Komandan IRGC Alireza Tangsiri Dikabarkan Tewas dalam Serangan di Iran


JurnalPatroliNews – TEHERAN — Komandan Angkatan Laut Islamic Revolutionary Guard Corps (IRGC), Alireza Tangsiri, dilaporkan tewas dalam serangan yang terjadi di Bandar Abbas, Iran.

Laporan tersebut pertama kali disampaikan media Dailystar pada Kamis (26/3/2026), yang mengutip pernyataan pejabat Israel bahwa Tangsiri menjadi salah satu target utama dalam serangan terbaru di wilayah Iran. Namun hingga kini, belum ada konfirmasi resmi baik dari pemerintah Iran maupun militer Israel terkait kabar tersebut.

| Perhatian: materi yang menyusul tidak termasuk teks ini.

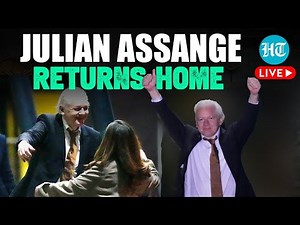 LIVE | Wikileaks Founder Julian Assange Returns Home In Australia, Team Holds Press Conference | US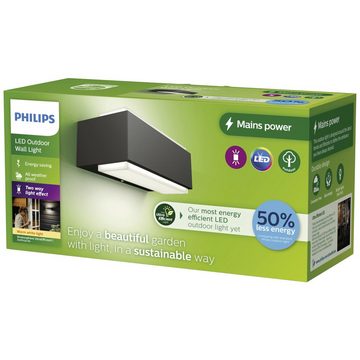 Philips Außen-Wandleuchte Philips Stratosphere 8720169257313 LED-Außenwandleuchte LED 3.8 W An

Tangsiri dikenal sebagai salah satu tokoh strategis di tubuh IRGC, khususnya dalam pengendalian jalur pelayaran di Selat Hormuz. Ia disebut memiliki peran penting dalam kebijakan pengetatan akses selat tersebut di tengah meningkatnya konflik kawasan.

Karier militernya dimulai sejak Perang Iran–Irak, sebelum kemudian menempati berbagai posisi penting, termasuk sebagai komandan brigade angkatan laut.

Selama menjabat, Tangsiri dikenal vokal dalam menegaskan kedaulatan Iran atas Selat Hormuz. Ia berulang kali menyatakan bahwa kapal-kapal yang melintas di jalur tersebut wajib memperoleh izin dari otoritas Iran, serta memperingatkan kapal perang asing untuk tidak memasuki wilayah tersebut.

Pekan lalu, Tangsiri juga sempat melontarkan ancaman terhadap kepentingan Amerika Serikat di kawasan Timur Tengah. Ia menyebut fasilitas yang terkait dengan AS, termasuk infrastruktur minyak, dapat menjadi target serangan militer.

“Fasilitas Amerika di kawasan akan diserang dengan kekuatan penuh,” ujarnya dalam pernyataan publik.

Ia bahkan menegaskan bahwa daftar target militer Iran terus diperbarui, termasuk fasilitas energi yang berkaitan dengan kepentingan AS.

Meski demikian, kabar mengenai tewasnya Tangsiri masih belum dapat dipastikan kebenarannya, mengingat belum adanya pernyataan resmi dari pihak terkait. Situasi ini menambah ketegangan di kawasan yang sebelumnya sudah memanas akibat konflik yang melibatkan sejumlah negara besar.